Firm claims Apple’s Siri, Google devices violate 1998 speech patent

In a sweeping lawsuit, a Colorado shell company is suing the entire mobile phone industry over a patent for inventions where “Oral input is used to control a digital computer.”

The lawsuit singles out Apple’s (s aapl) iPhone 4S and its Siri voice assistant as well as a range of phone makers like Samsung and Sony(s sne) that use Google Voice Actions (s goog) technology. The claim also names Research In Motion (s rimm) for BlackBerry Voice commands and Microsoft (s msft) for Microsoft Speech Commands.

Records show that the patent was issued to Jerry Potter in 1998. Last year, Potter assigned the patent to a Texas shell company which in turn assigned it to a Colorado shell company called Potter Voice LLC that is suing the phone makers.

It’s unclear if Potter was actually a pioneering inventor of voice technology or whether the patent is another in a series of dubious patents that has been driving a never-ending series of court fights in the mobile industry. Patent standards became particularly lax in the late 1990’s as the Patent Office issued thousands of “business method” patents that have subsequently attracted criticism from law makers and the Supreme Court.

The abstract of US patent 5729659 says:

Oral input is used to control a digital computer. Associative searching techniques of tabular data structures are used in conjunction with rules and conventions derived from natural language to facilitate the use of oral input. The method is capable of being implemented in connection with conventional sequential computers, associative single-instruction multiple data computers and parallel processors.

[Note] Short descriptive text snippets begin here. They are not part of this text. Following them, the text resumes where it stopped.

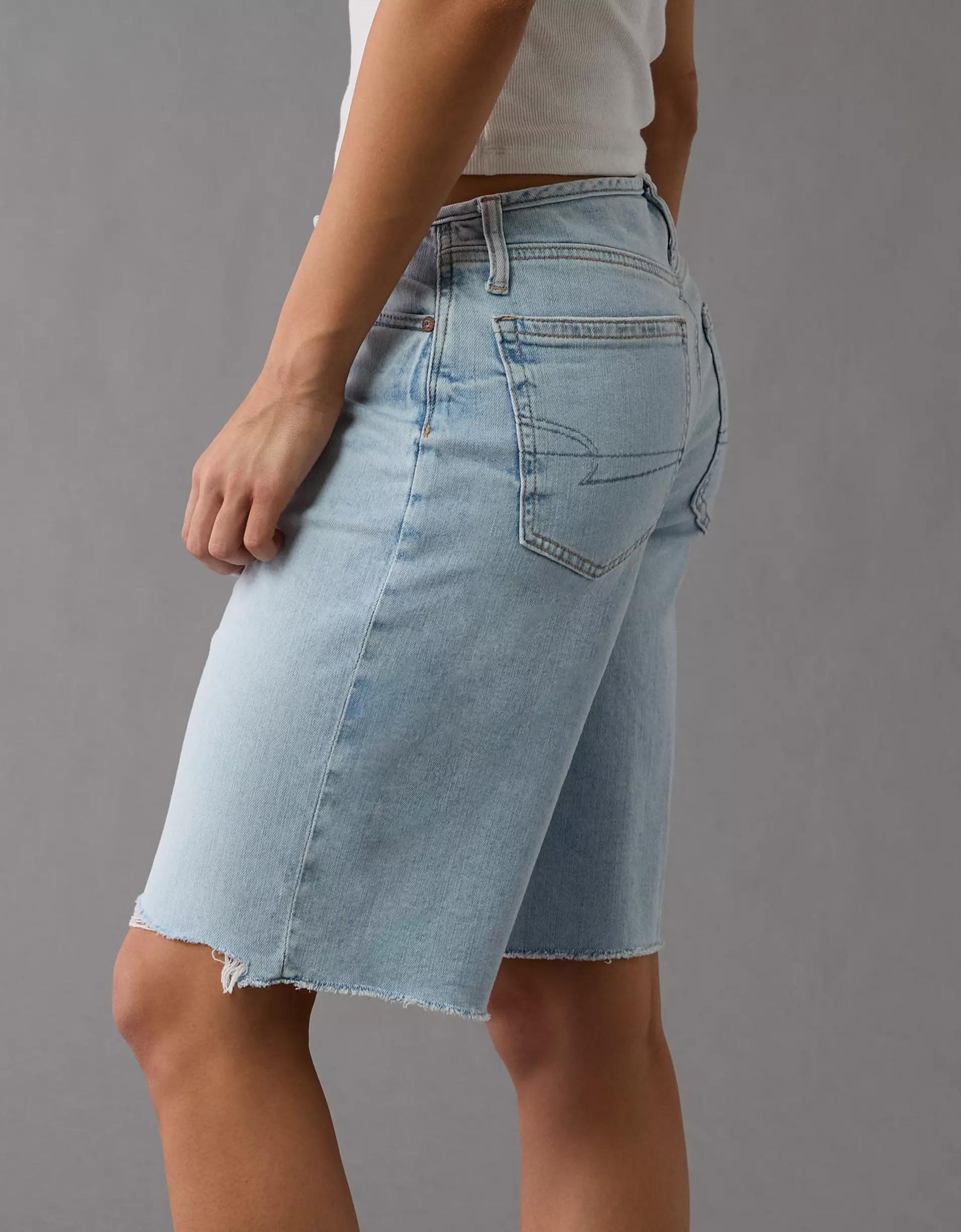 AE 11" Dreamy Drape Stretch High-Waisted Jort Product Image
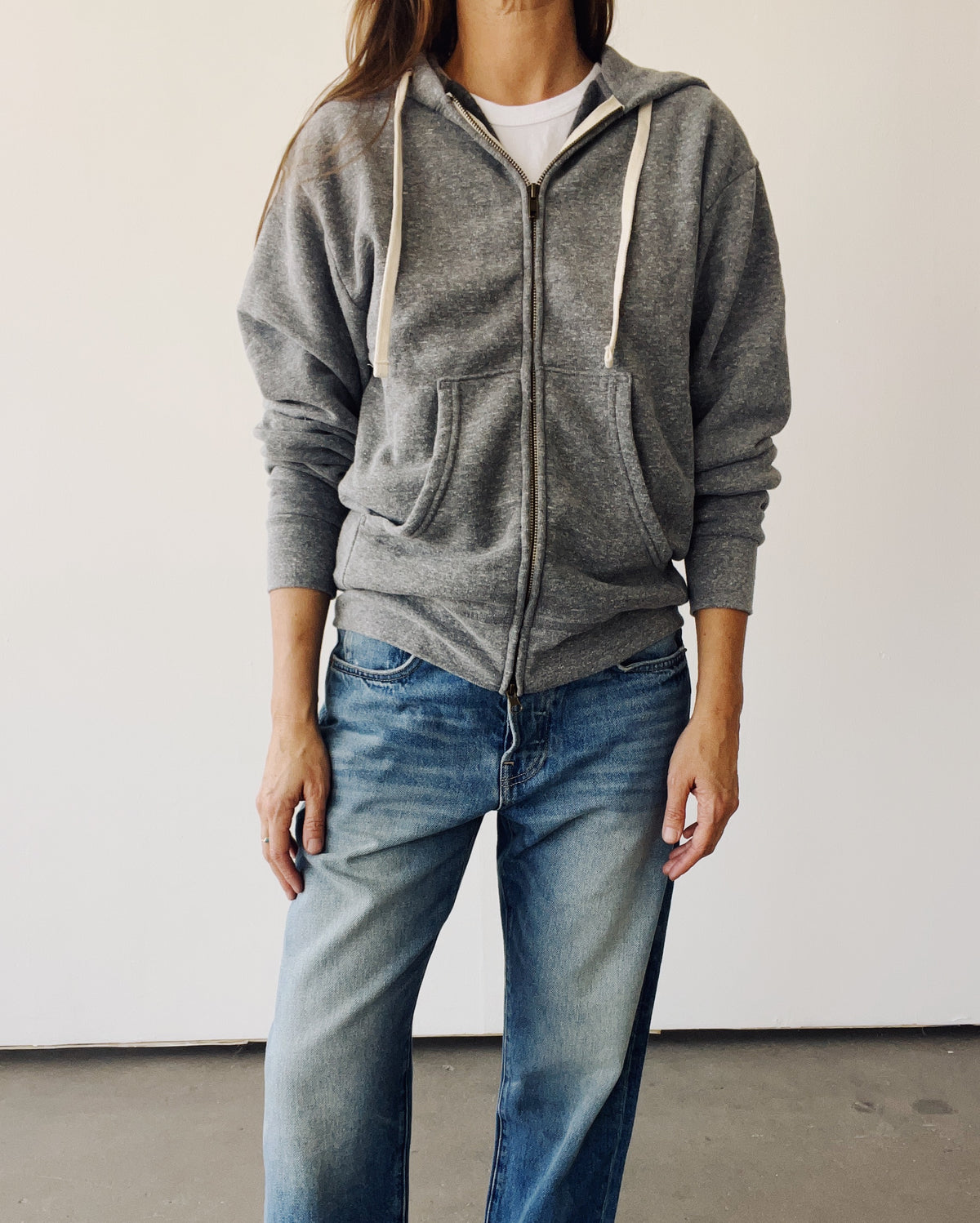 The Zip Hoodie PE Grey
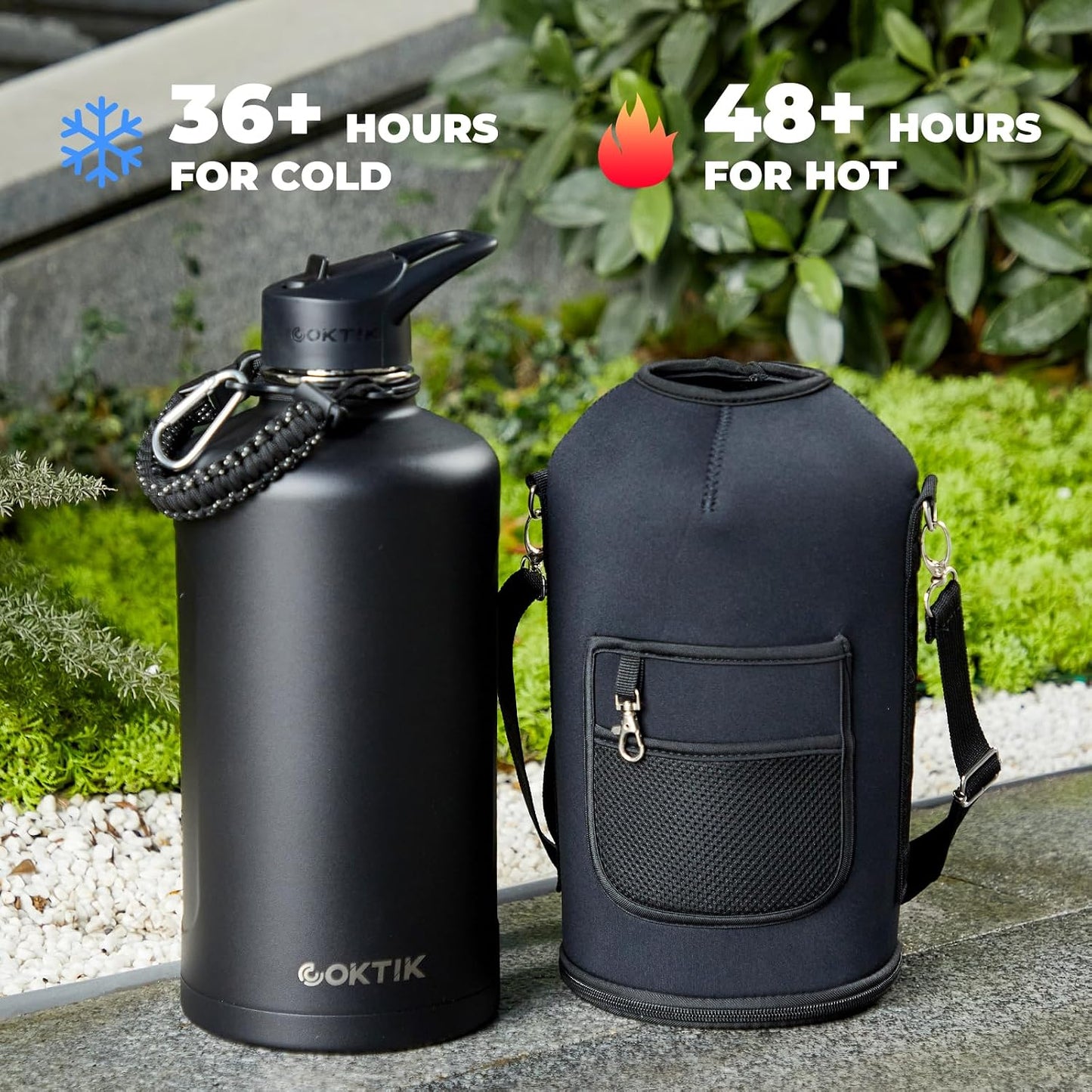 Botella agua 84oz con pajilla aislamiento 48h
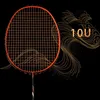 Outros produtos esportivos de alta qualidade Badminton Racket 10U Ultra Light cerca de 54g libras 24 Ponto de equilíbrio 3105mm Esportes adultos ao ar livre 230816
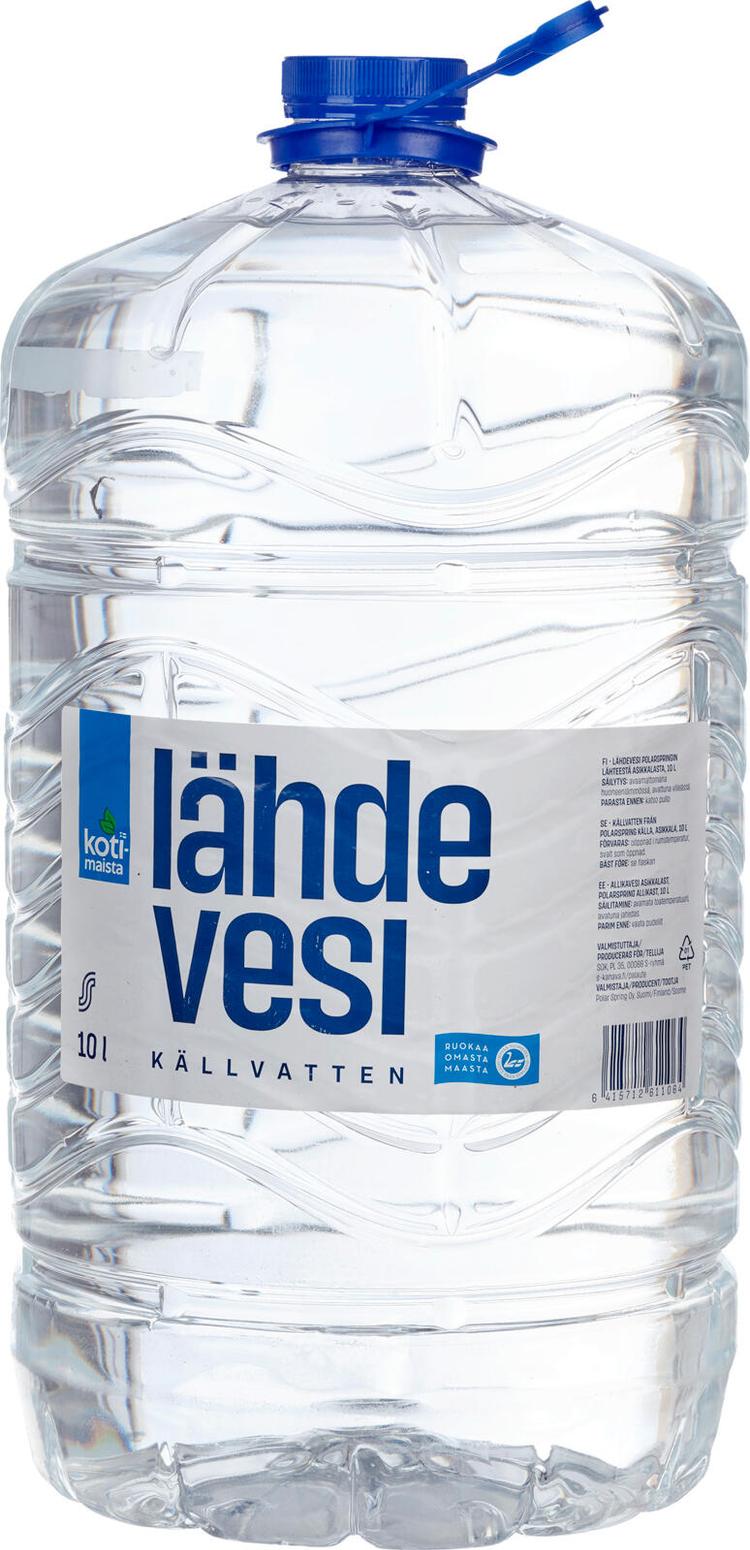 Kotimaista 10l lähdevesi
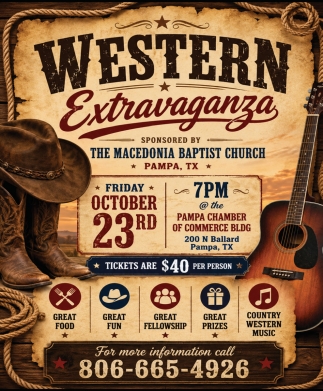 Western Extravaganza (October 23, 2026)
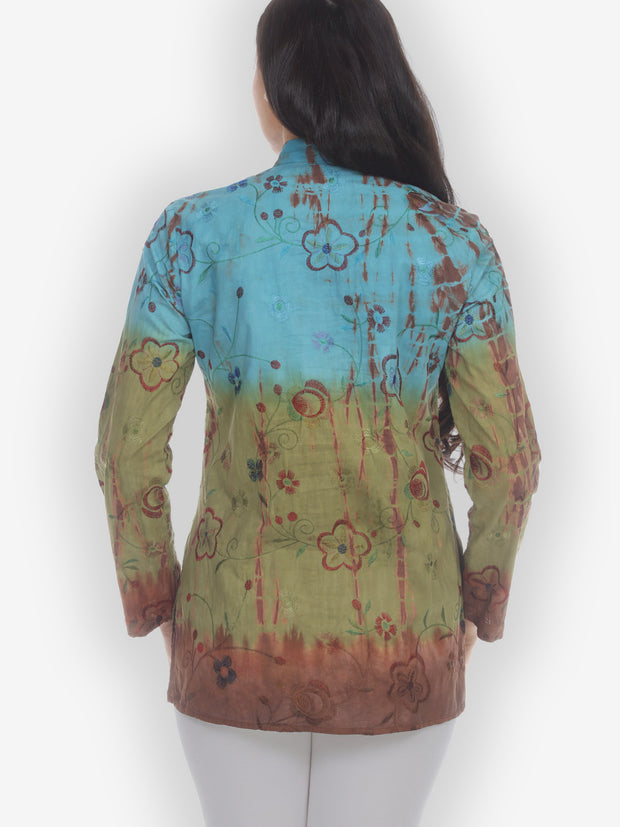 Sunrise Embroidery Cotton Tunic/Jacket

Patents like these have become the fuel of global litigation engulfing the smartphone industry. In some cases, the phone makers buy the patents themselves. Other times, private hedge funds form shell companies that don’t produce anything but do make a business of suing companies that do — a practice known as trolling.

The Supreme Court has responded to the patent problem in part by tightening the definition of “obvious” and Congress last year passed patent legislation that makes it easier to attack suspect patents (the law doesn’t apply to older patents).

Yesterday, Apple CEO Tim Cook complained about the ceaseless patent battles, saying “I’ve always hated litigation .. We just want people to invent their own stuff.”